A financial evaluation helps an investor to take rational decision about an analyzed investment, whereas an economic analysis broadens
this perspective to include effects of the investment imposed on other stakeholders and the environment.
An investment can be evaluated with traditional payback period, or considering time value of money with discounted cash flow (DCF), net
present value (NPV), internal rate of return (IRR) and profitability index (PI).
In the traditional sensitivity analysis of cash-flow components, the effect of change in only one variable is considered at a time, where the
method to measure risk is to determine several different scenarios for probable results of discounted cash flow (DCF) or net present value (NPV)
to justify a realization of the project.
In contrast a simulation method, however, improves on this by looking at the impact of many variables
changing at the same time, where a probabilistic simulation model is using statistical distributions as input to incorporate uncertainty and
risk. The simulation produces a distribution of the possible outcomes from the simulation, and then a detailed statistical description for
the variables of interest and the probability of different outcomes in each scenario is achieved.

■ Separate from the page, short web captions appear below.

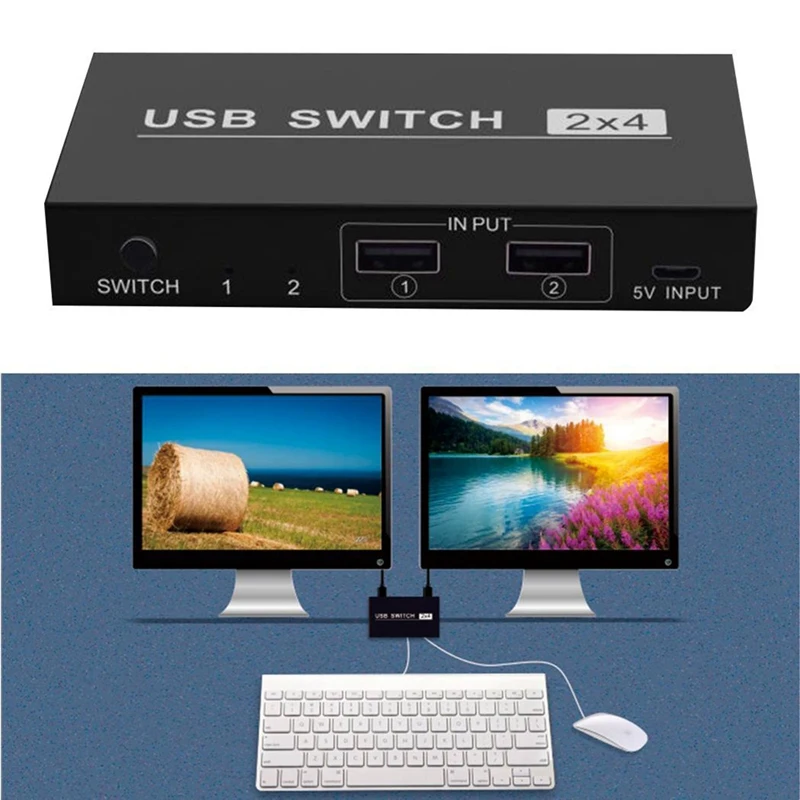 Usb-переключатель 2X4 4 Usb порта функция памяти Usb 5 В 2,0 Обмен 4 устройства для принтера клавиатура мышь монитор селектор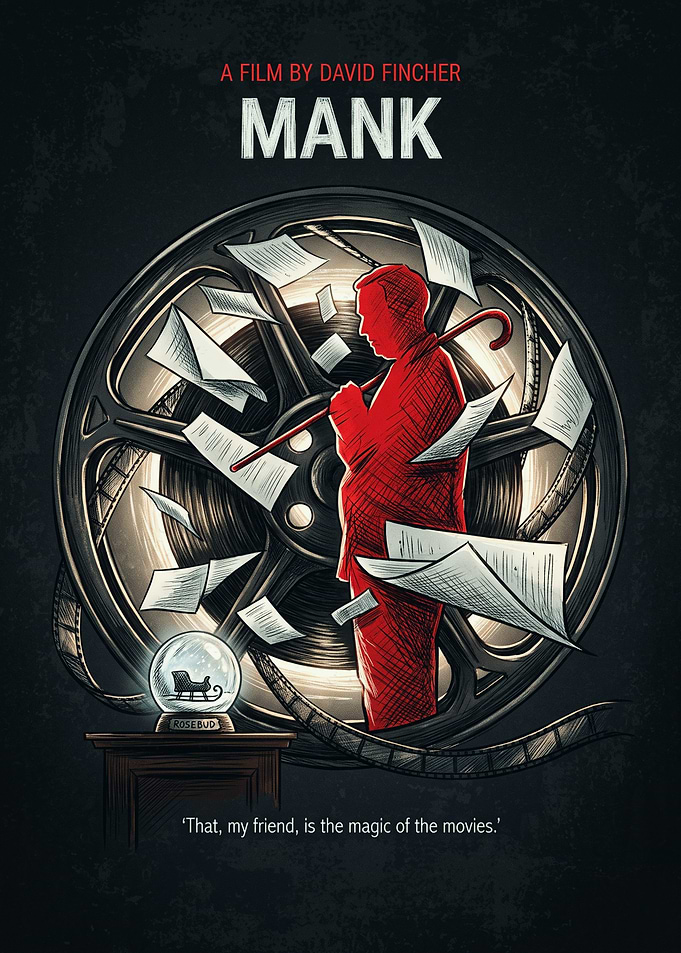 Mank Movie Biographical Drama Retro Poster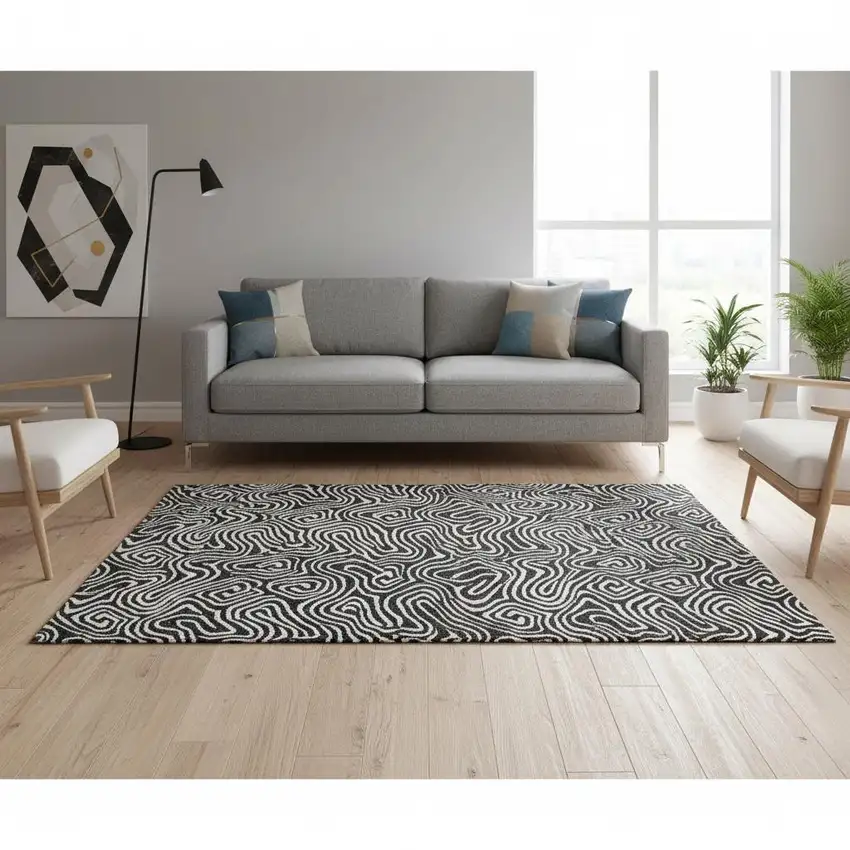 Black And Ivory Abstract Washable Area Rug With UV Protection Photo 2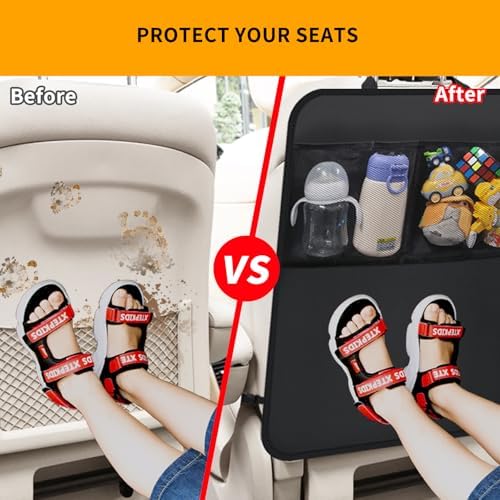 2Pack Back Seat Cover for Kids Kick Mats Backseat Protector - Image 4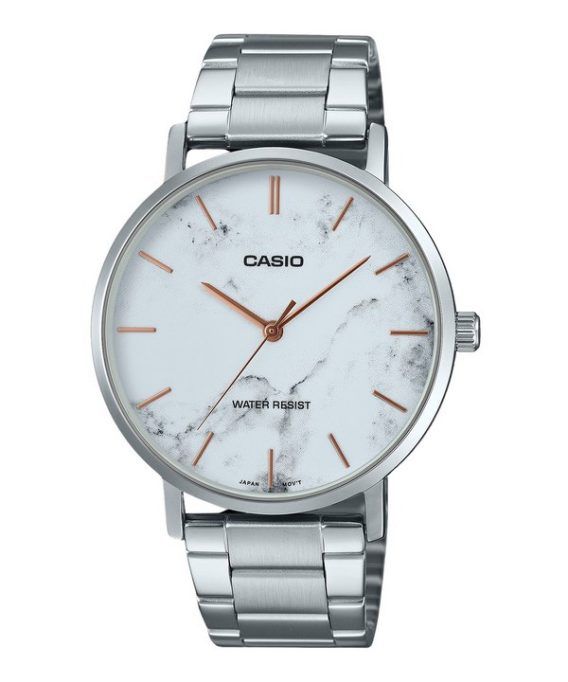 Casio Standard Analog rustfrit stål Marmor inspireret hvid skive Quartz MTP-VT01DM-7A herreur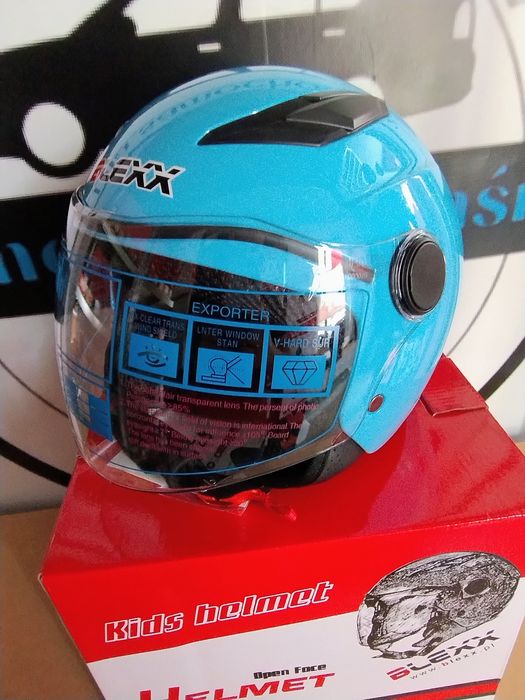 Kask motocyklowy otwarty dziecięcy BLEXX niebieski rozm M Homologacja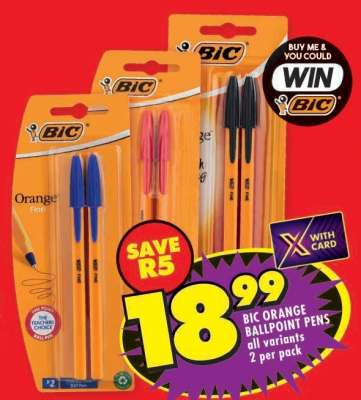 BIC ORANGE BALLPOINT PENS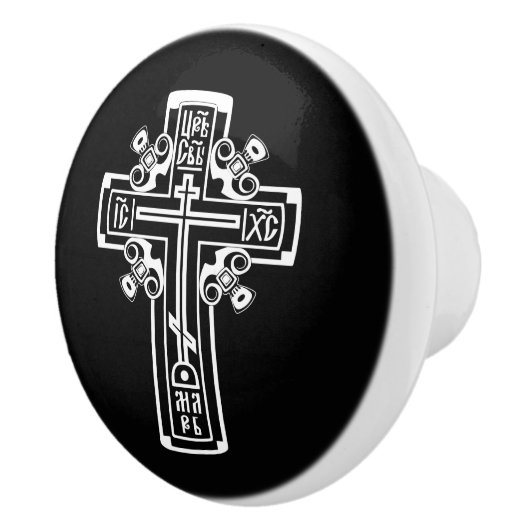 Christelijk orthodoxe kruis keramische knop (Rechts)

The probabilistic simulation method can be summarized as follows:
- Step 1: Creating a parametric model, y=f(x_1, x_2,..., x_n )
- Step 2: Generation of random input set of data, x_(1,i), x_(2,i),..., x_(n,i)
- Step 3: Calculations and memorizing results as y_i
- Step 4: Repeating steps 2 and 3 for i=1 to n
- Step 5: Analyzing the results using histograms, confidence intervals, other statistic indicators resulting from the simulation, etc.
This Figure illustrates the cash-flow generated by ship transport services.
The shipping sector is highly cyclical and sensitive to market fluctuations, and consequently the charter rates and ship prices fluctuate
correspondingly. The uncertainty and risk include the market, operation, general economic development, and the financial consequences of a
change in governing variables.
The demand history for an item is a time series in which it is convenient to distinguish several types of components. The variable components
may be classed as:
- Trend: The variation is monotonic over the interval of interest, perhaps because of a low-frequency cycle.
- Cycles: The pattern of variation is reproduced, in some predictable way, over and over.
- Noise: Random variation, including any variation that is not predicted, except in terms of a statistical distribution function.